JNS cites JINSA’s latest National Security Brief on the Unprecedented Rocket Fire from Gaza

Iran’s role in Israeli-Palestinian conflict cannot be ‘overlooked,’ say Mideast experts
By SEAN SAVAGE

Israel Defense Forces from Israel, CC BY-SA 2.0 <https://creativecommons.org/licenses/by-sa/2.0>, via Wikimedia Commons

The escalating conflict between the Israelis and Palestinians is one of the first major policy tests for the Biden administration.
Despite U.S. President Joe Biden’s hope to shift foreign policy away from the Middle East to deal with threats from China and Russia, it is now being confronted with the difficult reality of the Israeli-Palestinian conflict.

Jonathan Schanzer, senior vice president at the Foundation for Defense of Democracies, told JNS that the Biden administration is in a “decidedly awkward position” right now.

“Amid nuclear negotiations that will soon yield the Islamic Republic a massive windfall, the Biden administration is on the cusp of indirectly providing Hamas with the cash it needs to replenish its rocket supplies,” he said.

He added that “Iran is Hamas’s key patron. This is not lost on Israel. Nor is it lost on the rest of the region.”

Schanzer argued that whatever the Biden administration does next to address the situation will most likely ring hollow.

“This does not mean that the administration should completely forego its efforts to minimize the conflict,” he said. “But it should not expect to be viewed as an impartial authority under the current circumstances.”

The Biden administration has so far backed up Israel’s right to defend itself against as many as 1,300 rockets that have been fired on the Jewish state in recent days. Yet Biden has also attempted to take a different approach to the Middle East than his predecessor, Donald Trump. Biden’s administration has focused heavily on re-entering the 2015 Iran nuclear deal and deprioritizing allies in the region like Israel and the Gulf Arab states, which Trump quickly embraced and with Israeli Prime Minister Benjamin Netanyahu, worked to forge normalization deals, which it did with the United Arab Emirates, Bahrain, Sudan and Morocco in the form of the Abraham Accords.

Biden hasn’t even named an ambassador to Israel yet.

‘A blow to Israeli and other moderate allies’

In a national security brief released by the Jewish Institute for National Security of America (JINSA), the group argues that the Biden administration should continue to condemn rocket fire from the Gaza Strip and support Israel’s right to defend itself.

“The terrorists’ indiscriminate firing of rockets into Israel, including at civilian targets, is a war crime and unrelated to events in Jerusalem. No country in the world, and certainly not the United States, would accept such an intolerable situation,” said JINSA President and CEO Michael Makovsky.

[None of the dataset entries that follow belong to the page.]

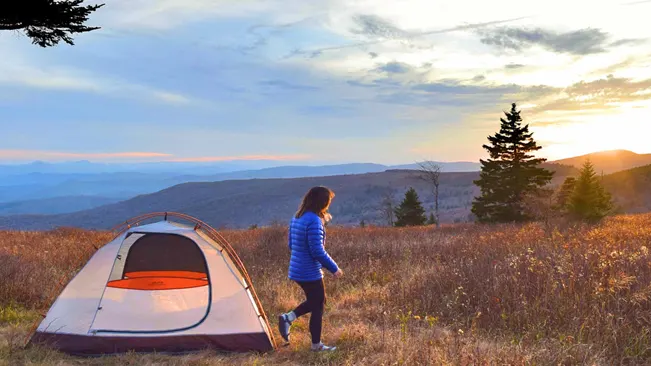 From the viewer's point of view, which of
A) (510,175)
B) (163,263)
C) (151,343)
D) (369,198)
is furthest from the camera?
(369,198)

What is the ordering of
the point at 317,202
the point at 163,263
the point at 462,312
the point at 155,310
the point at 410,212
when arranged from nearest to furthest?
1. the point at 317,202
2. the point at 155,310
3. the point at 462,312
4. the point at 163,263
5. the point at 410,212

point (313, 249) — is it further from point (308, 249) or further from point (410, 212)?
point (410, 212)

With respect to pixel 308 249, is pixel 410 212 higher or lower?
lower

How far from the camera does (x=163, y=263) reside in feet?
25.9

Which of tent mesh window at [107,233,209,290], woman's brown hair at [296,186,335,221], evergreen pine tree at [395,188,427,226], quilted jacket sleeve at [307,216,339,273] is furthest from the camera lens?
evergreen pine tree at [395,188,427,226]

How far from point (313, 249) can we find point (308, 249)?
14cm

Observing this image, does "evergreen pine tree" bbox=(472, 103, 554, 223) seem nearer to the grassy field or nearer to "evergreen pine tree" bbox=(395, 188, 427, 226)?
"evergreen pine tree" bbox=(395, 188, 427, 226)

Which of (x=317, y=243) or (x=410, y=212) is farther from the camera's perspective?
(x=410, y=212)

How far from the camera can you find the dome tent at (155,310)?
613 centimetres

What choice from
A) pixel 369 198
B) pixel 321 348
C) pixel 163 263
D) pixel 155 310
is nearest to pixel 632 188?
pixel 321 348

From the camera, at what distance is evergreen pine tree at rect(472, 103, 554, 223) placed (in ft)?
96.9

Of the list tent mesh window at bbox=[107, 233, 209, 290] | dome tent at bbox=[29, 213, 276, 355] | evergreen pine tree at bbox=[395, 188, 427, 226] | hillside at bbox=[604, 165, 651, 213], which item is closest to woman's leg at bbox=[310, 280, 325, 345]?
dome tent at bbox=[29, 213, 276, 355]

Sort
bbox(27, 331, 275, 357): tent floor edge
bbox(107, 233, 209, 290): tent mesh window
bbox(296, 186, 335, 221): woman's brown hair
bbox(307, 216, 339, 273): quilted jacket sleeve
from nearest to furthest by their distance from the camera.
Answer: bbox(307, 216, 339, 273): quilted jacket sleeve < bbox(296, 186, 335, 221): woman's brown hair < bbox(27, 331, 275, 357): tent floor edge < bbox(107, 233, 209, 290): tent mesh window

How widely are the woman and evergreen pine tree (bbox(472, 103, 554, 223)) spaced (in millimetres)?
26413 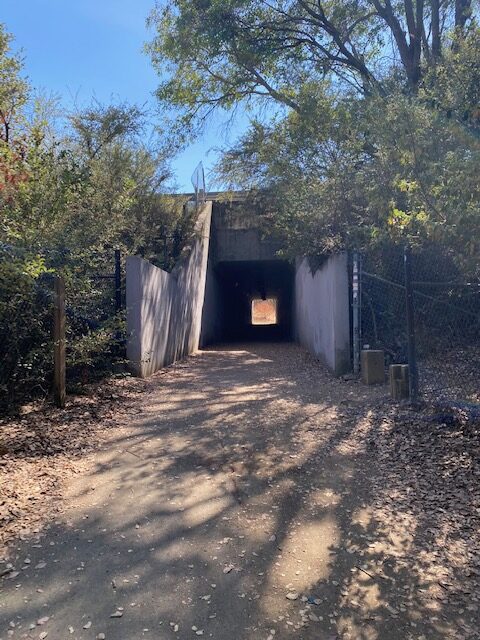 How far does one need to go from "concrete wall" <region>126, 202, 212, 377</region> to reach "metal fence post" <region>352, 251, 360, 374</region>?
3.17 m

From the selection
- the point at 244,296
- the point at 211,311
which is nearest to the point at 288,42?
the point at 211,311

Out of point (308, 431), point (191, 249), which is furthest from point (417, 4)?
point (308, 431)

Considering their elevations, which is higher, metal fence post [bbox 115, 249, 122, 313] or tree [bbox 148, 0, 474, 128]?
tree [bbox 148, 0, 474, 128]

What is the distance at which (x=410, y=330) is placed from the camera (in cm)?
538

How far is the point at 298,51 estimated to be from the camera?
33.1 feet

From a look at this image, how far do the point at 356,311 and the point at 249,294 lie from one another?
18993 millimetres

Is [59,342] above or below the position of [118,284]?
below

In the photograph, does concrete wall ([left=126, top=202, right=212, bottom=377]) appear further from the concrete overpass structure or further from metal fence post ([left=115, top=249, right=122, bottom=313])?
metal fence post ([left=115, top=249, right=122, bottom=313])

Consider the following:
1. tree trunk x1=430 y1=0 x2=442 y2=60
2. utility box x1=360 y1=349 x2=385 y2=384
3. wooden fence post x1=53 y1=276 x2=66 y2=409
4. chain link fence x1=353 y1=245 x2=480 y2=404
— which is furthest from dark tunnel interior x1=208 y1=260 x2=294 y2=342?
wooden fence post x1=53 y1=276 x2=66 y2=409

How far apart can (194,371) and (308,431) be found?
4.56 metres

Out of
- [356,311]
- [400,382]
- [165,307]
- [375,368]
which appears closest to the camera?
[400,382]

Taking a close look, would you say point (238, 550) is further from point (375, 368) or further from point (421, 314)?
point (421, 314)

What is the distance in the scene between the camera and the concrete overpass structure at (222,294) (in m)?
7.79

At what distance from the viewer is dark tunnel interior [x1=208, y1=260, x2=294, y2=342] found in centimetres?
1959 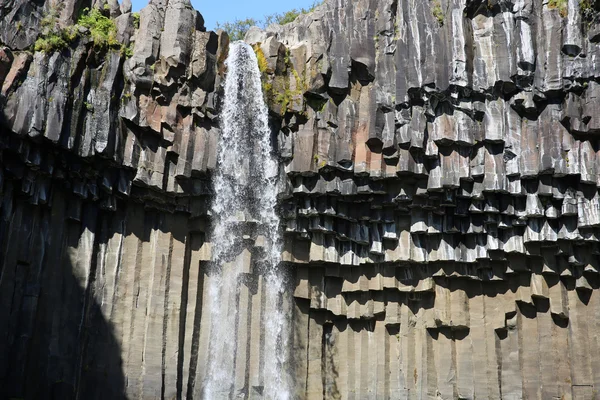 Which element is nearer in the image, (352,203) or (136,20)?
(136,20)

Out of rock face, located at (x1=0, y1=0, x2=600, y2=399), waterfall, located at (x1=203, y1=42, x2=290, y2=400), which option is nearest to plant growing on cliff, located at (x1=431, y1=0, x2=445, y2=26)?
rock face, located at (x1=0, y1=0, x2=600, y2=399)

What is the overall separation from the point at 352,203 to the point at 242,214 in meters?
2.75

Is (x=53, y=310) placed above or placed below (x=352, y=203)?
below

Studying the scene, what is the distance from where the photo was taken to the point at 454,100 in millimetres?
17750

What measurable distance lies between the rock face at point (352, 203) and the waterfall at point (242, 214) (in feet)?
0.91

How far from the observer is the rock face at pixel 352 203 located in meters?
16.6

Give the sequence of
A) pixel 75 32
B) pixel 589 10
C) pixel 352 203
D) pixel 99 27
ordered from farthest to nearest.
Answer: pixel 352 203, pixel 589 10, pixel 99 27, pixel 75 32

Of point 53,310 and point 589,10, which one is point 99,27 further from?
point 589,10

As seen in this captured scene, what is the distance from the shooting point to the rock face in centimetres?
1658

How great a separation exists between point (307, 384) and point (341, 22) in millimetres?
9214

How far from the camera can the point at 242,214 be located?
1820 centimetres

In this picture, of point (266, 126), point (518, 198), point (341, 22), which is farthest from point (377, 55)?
point (518, 198)

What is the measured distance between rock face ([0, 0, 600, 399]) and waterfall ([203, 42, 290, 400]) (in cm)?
28

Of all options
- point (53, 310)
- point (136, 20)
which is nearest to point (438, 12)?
point (136, 20) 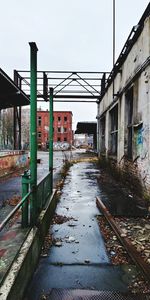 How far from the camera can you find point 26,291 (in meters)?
2.42

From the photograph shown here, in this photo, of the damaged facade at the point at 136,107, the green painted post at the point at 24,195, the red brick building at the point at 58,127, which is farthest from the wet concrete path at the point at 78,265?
the red brick building at the point at 58,127

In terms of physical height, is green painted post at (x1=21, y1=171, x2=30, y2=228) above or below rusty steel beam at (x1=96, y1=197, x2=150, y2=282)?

“The Biden administration should acknowledge these facts and clearly state its support for Israel’s right to self-defense,” he added. “Any other U.S. position only incentivizes further terrorist violence, suggesting to Hamas that it can drive a wedge between Jerusalem and Washington, and offering a victory for radicals in the region, and a blow to our Israeli and other moderate allies, as well as the Palestinian people in Gaza, who suffer under Hamas rule.”

JINSA said the Biden administration should support de-escalation by working with the Egyptians and Qataris to bring about a ceasefire.

It also urged the Biden administration to swiftly appoint an ambassador to Israel.

“President Biden has not appointed an ambassador to Israel yet, which puts a strain on the relationship at a time when Israel needs close support from Washington to fend off international condemnation for its justified actions,” said JINSA.

‘Iran’s malign behavior needs to be addressed’

Indeed, Jason Brodsky, a senior Middle East analyst at Iran International, told JNS that while he thinks it has been important that the Biden administration has been engaging with Israeli leadership and supporting its right to defend itself, he is concerned that the lack of an ambassador to Israel is hampering efforts.

“Having a person the president trusts in that position provides an essential link on the ground in these situations,” he said.

Reports have indicated that the Biden administration is close to appointing one with former U.S. State Department official Thomas Nides or former congressman Robert Wexler as the frontrunners.

Nevertheless, Brodsky remains concerned about the role Iran is playing to enable the events over the past several days.

He pointed to Palestinian Islamic Jihad’s use of an Iranian Badr-3 missile: “Just yesterday, a video surfaced of a Palestinian Islamic Jihad spokesman thanking the Axis of Resistance, headed by Iran, for the addition of the Badr-3.”

Likewise, he said that the conflict once again highlights how Iran’s dangerous behavior in the Middle East cannot be overlooked.

“These developments, which aren’t new, are nonetheless a reminder that despite the nuclear negotiations taking place in Vienna, Iran’s non-nuclear malign behavior needs to be addressed and not put on the back-burner in order to revive the nuclear deal,” said Brodsky.

He added that it also “demonstrates why relieving terrorism sanctions on Iran’s Central Bank in exchange for a mere re-entry into an old deal is a dangerous proposition.”